What is needed:
A faithful copy is needed. Set down all of the data below exactly.
*** Records provided Section Begins ***
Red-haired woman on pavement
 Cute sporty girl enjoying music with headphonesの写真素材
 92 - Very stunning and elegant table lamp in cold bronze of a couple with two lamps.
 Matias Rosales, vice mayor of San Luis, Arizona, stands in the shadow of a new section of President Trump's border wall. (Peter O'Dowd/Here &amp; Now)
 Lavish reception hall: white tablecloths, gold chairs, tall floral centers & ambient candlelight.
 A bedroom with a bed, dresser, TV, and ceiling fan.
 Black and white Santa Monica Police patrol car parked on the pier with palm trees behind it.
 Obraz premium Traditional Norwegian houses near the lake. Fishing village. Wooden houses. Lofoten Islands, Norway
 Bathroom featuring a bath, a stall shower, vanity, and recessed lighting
*** Records provided Section Ends ***
Response below:
Red-haired woman on pavement
 Cute sporty girl enjoying music with headphonesの写真素材
 92 - Very stunning and elegant table lamp in cold bronze of a couple with two lamps.
 Matias Rosales, vice mayor of San Luis, Arizona, stands in the shadow of a new section of President Trump's border wall. (Peter O'Dowd/Here &amp; Now)
 Lavish reception hall: white tablecloths, gold chairs, tall floral centers & ambient candlelight.
 A bedroom with a bed, dresser, TV, and ceiling fan.
 Black and white Santa Monica Police patrol car parked on the pier with palm trees behind it.
 Obraz premium Traditional Norwegian houses near the lake. Fishing village. Wooden houses. Lofoten Islands, Norway
 Bathroom featuring a bath, a stall shower, vanity, and recessed lighting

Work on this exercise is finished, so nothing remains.